And it's still freaking hot.
22:49
@Cerberus Where in the world are you?
Schiphol has 72, although the 82% humidity must be miserable. Is it raining?
@tchrist Amsterdam.
Remember, the city is much warmer than a random airfield.
I’d’ve supposed it’d’ve been somewhat warmer.
And the city centre is warmer again than the neighbourhood slightly outside the centre proper, where I was having a beer an hour ago.
You’re hot from drinking then.
Then it is much warmer inside than outside.
22:54
I can’t find anything in the area that’s even 80.
No, it's not the drink.
Inside doesn’t count.
My thermometre says it is 27 °C inside. But I don't trust it: it is probably warmer.
Scroll down to the "Weather Stations" portion.

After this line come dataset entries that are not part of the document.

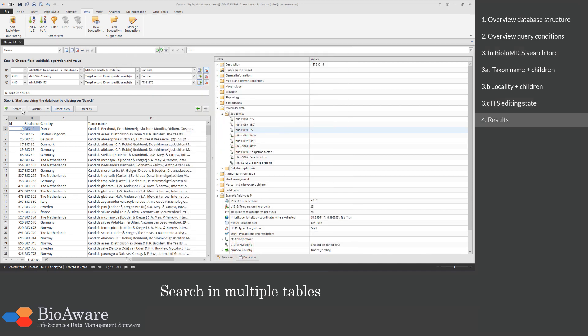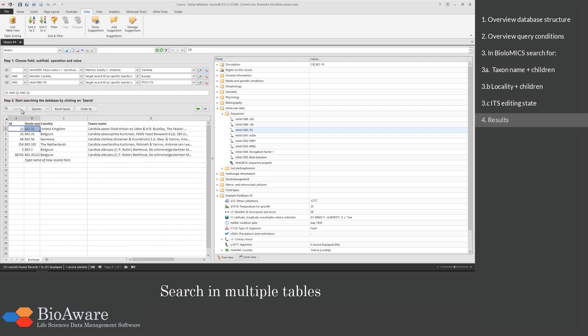When I now click on search, it is including all the conditions and finds the biostrains that match all of them. We have found six records.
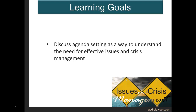We have already discussed the scanning process in issues management, but I want to take a quick side note to explore agenda setting, because making sure that you have a strong handle on the influence of the media in terms of how people consume information and the world around them is also a part of the decision-making process connected to issues management. Our key objective in this lecture is to focus on agenda setting as a way to understand the need for effective issues and crisis management.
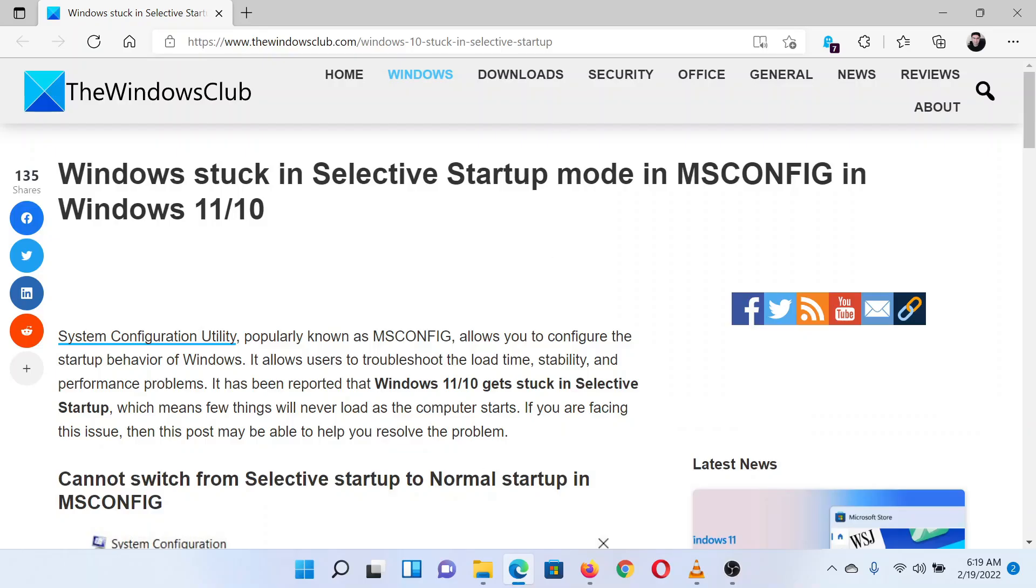This is Matthew from The Windows Club. If you are unable to change from selective startup mode to normal mode in MSCONFIG on your Windows computer, then either read through this article on the website or simply watch this video.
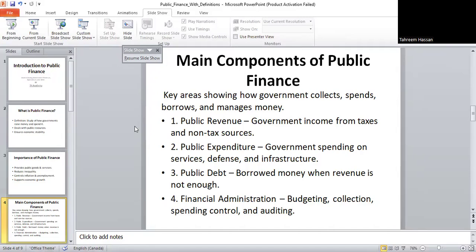Now, the main components of public finance. Public finance has four main components. Number one is public revenue — the money collected by the government through taxes and non-tax sources. Number two is public expenditure — how the government spends money, like on education, health, or development. Number three is public debt — this happens when government spending is greater than income, so they borrow money. Number four is financial administration — making the budget, collecting revenue, controlling expenditure, and auditing accounts. Together, these four parts explain how governments handle money.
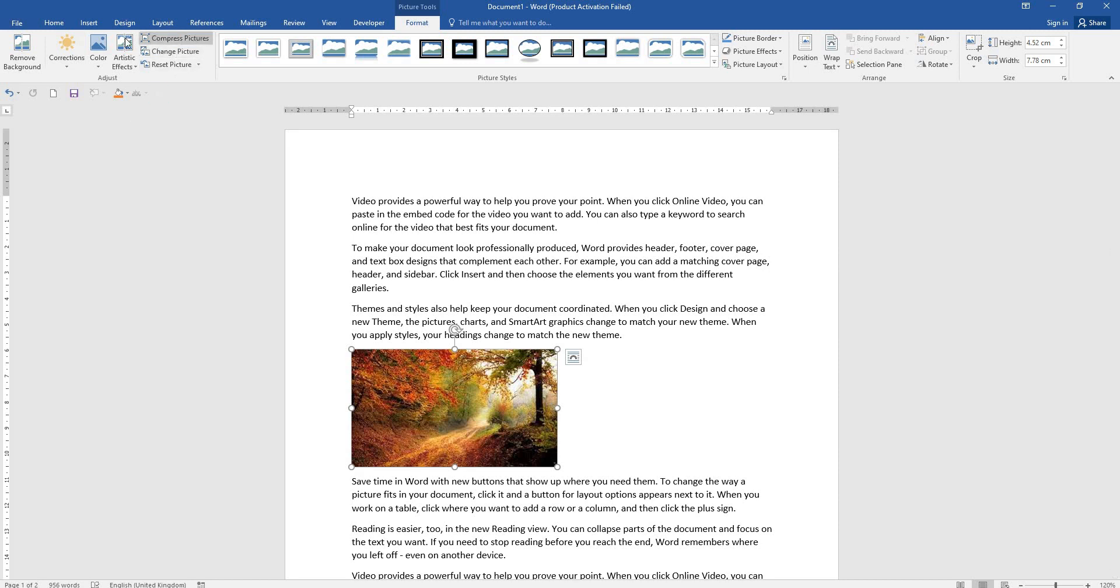So this is adjustments, format adjustments. Next session will cover pictures style. For your information, please like, share, and subscribe. Thank you!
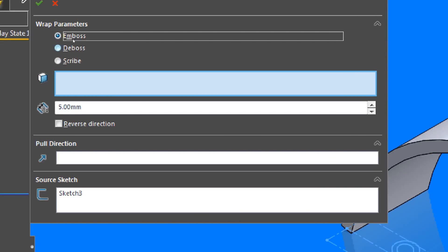So there are three options here: emboss, deboss, and scribe. Embossing adds material to the model creating protrusions. Debossing removes material and creates recessed characters. As for the scribe option, it will create split lines based on the shape of the characters.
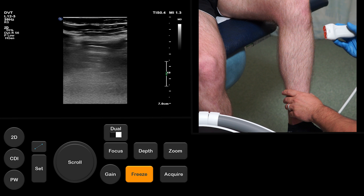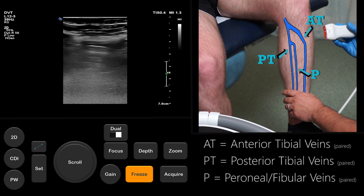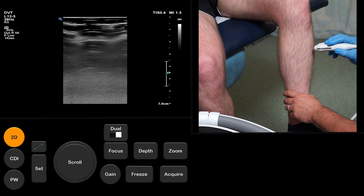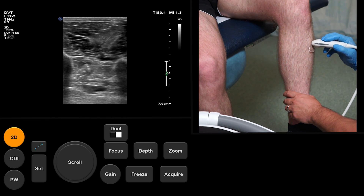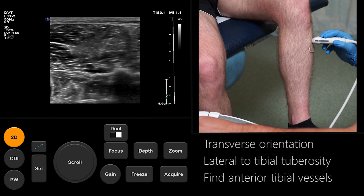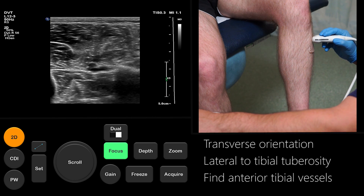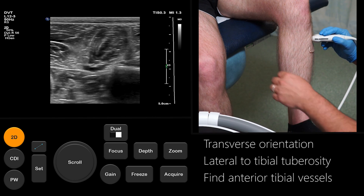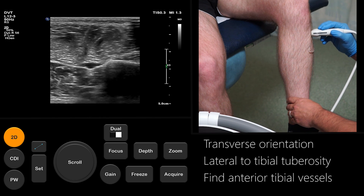Next we scan the calf veins. Ideally the patient will be positioned as shown to help distend the vessels. If a patient has poor mobility or is bedbound, the scan can be performed with them lying down and their knee bent at 90 degrees. The anatomy of the calf veins is displayed in this simplified graphic. The vessels that require assessment below the knee are the anterior tibial veins, the posterior tibial veins and the perineal veins. Each of these veins usually exists as paired veins accompanied by a single artery. Starting with the probe in transverse just lateral to the tibial tuberosity, we adjust the focus and depth to optimise image quality and find the anterior tibial vessels.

Yes, that is the weather-station temperature.
22:55
So?
But one can feel the bricks and stones radiating heat here.
I find 80 to be plenty hot at 82% humidity and dead air. I find 100 to be plenty cool in 2% humidity with a breeze.
At the country house, sitting nearer to the walls was much hotter than sitting a few paces away on the grass.
Indeed: air temperature at some random place several km away says very little about how hot it actually feels, which is what matters.
I see no evidence that it was ever within a country mile of body temperature there.
It was 34 °C this afternoon.
22:57
I am not saying you are not hot.
Thanks.
I'm not calling you unhot either.
As you say.
It is perfectly pleasant here. A lovely 80, which is warmer than anywhere in Amsterdam right now. Our humidity though is < 20%, which makes a great deal of difference.
Quite so.
And being sweaty from the day also makes it feel hotter.
Excusez le mot.
22:59
Interesting.
This is where I was earlier today.
It says 33 °C.
It seems to say it has been 90 there, but that today is has only ever been 74.
See, 72 is nothing to get all hot and bothered over.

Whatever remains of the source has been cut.